It’s twenty years since I was part of a multicultural, multinational chemistry research group at Queens University Belfast, a rare thing in Northern Ireland in the days before the Good Friday Agreement. All credit to my supervisor who took students and post docs from far and wide to provide me with the educational experience that I dream of for the students I teach today. Science has now become somewhat of a focus for Northern Ireland’s beleaguered post conflict economy – and it felt that the experience I had as a PhD student was beginning to be replicated in NI start-up scientific based companies funded in part by the EU. So how will the recent referendum decision to leave Europe effect the choice of the next generation and in particular those wishing to study science ? There is a link below to the statement released by the EPSRC in regards to the referendum decision.
There is so much that can be said and so many people with much more experience (and much more to lose) than me but here’s my initial thoughts – My major worry when reading this is both the uncertainty and the timeframe – any teacher will recognise 2 years as that crucial time for choices to be made – whether it be GCSEs, A levels or even getting to that final year of a degree. Will this enough to put some of our young people off studying science ? Many young people with science qualifications in the UK are keen to move around Europe (and beyond) gaining skills to allow them to return closer to home as their career progresses. The flip side is that many science based companies recruit around Europe for scientists to bring their skills and technical knowledge to the UK. Not being part of the EU (or in the process of leaving) brings a degree of uncertainty in particular about funding as access to EU Horizon 2020 grant system may change. The movement of scientific talent had already become an issue before the referendum when the earning threshold for non-EU immigrants was being set at £35,000. This threshold has major implications within the younger scientific community, for example scientists obtaining their first post degree job or post doctoral position.
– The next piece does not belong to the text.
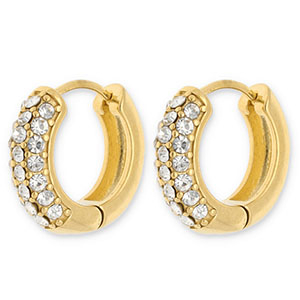 Ohrringe aus Stainless Steel - Rostfreiem Stahl Creolen mit Strass Gold-transparent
My other concern goes back to my days in a research group. There was a massive amount of administration behind the scenes to allow funding such an international mix of students and post doctoral researchers. Surely leaving the EU can not make this task any easier. Most research groups do not work in isolation, a quick check of publications shows that a lot of research papers are written by more than one contributing group. Will we still have the same academic collaboration between British research groups and those in the EU? I have no doubt that it will not be the groups themselves that will prevent this but rather the funding bodies and the extensive paperwork which will slow down collaborative processes. There have been a wealth of articles about the implications of the referendum on science, a few of which I’ll link below and leave you with an excellent quote from the current President of the Royal Society Professor Venki Ramakrishnan – ‘Many of the global challenges we face can only be tackled by countries working together’.